Reputation: 95
Let's say I have a vector of probabilities
> probs <- c(0.2, 0.3, 0.5, 0.7, 0.8, 0.9)
> probs
[1] 0.2 0.3 0.5 0.7 0.8 0.9
I want to classify each element as positive or negative by comparing it to some threshold value (for sake of argument let's say that element with probability >= threshold will be classified as positive, otherwise it is considered negative).
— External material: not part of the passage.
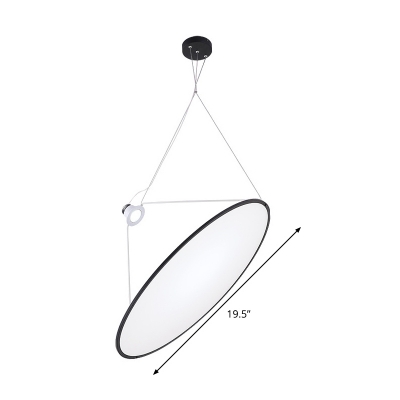 Round Acrylic Hanging Ceiling Light Simple Style Black LED Pendant Chandelier for Dinging Room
I don't know what value of threshold I want to use, but I know I want exactly 3 elements to be classified as positive.
My own solution would be to go over all probabilities and try to use each one as a threshold value and test if it would result in the desired number of positives.
> sum(probs >= 0.2)
[1] 6
> sum(probs >= 0.3)
[1] 5
> sum(probs >= 0.5)
[1] 4
> sum(probs >= 0.7)
[1] 3
Is there any function in R (libraries included) that would offer that functionality out-of-the-box?
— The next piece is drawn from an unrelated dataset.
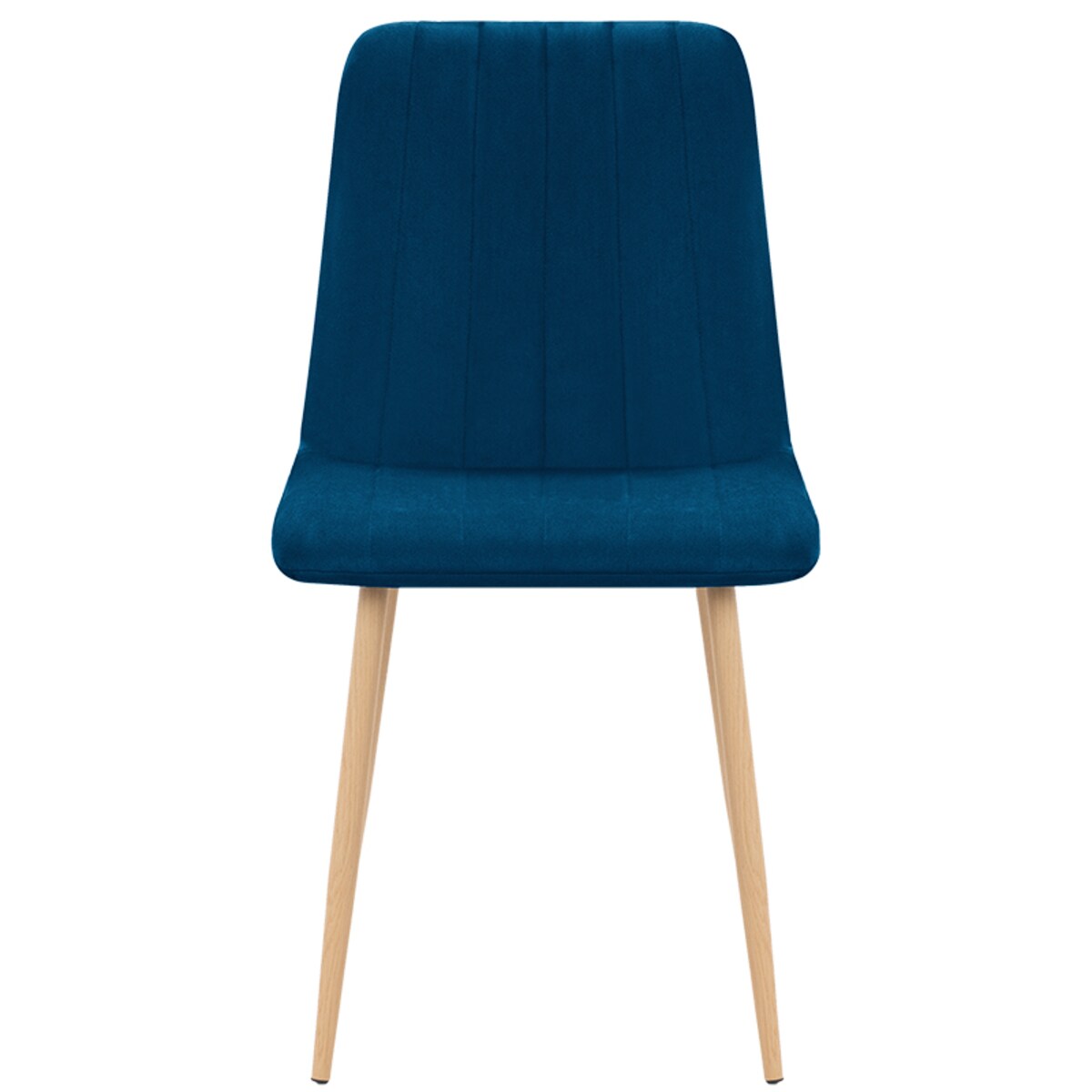 Krzesło tapicerowane do salonu jadalni welurowe pikowane granatowe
EDIT: This problem has a rather straightforward solution (thus making a dedicated function obsolete), therefore I will accept the top solution, even though it doesn't answer the question
Upvotes: 0
Views: 195
Reputation: 389355
You can sort
the vector in decreasing order and select n
th value
n <- 3
sort(probs, decreasing = TRUE)[n]
#[1] 0.7
with order
probs[order(-probs)[n]]
#[1] 0.7
Upvotes: 1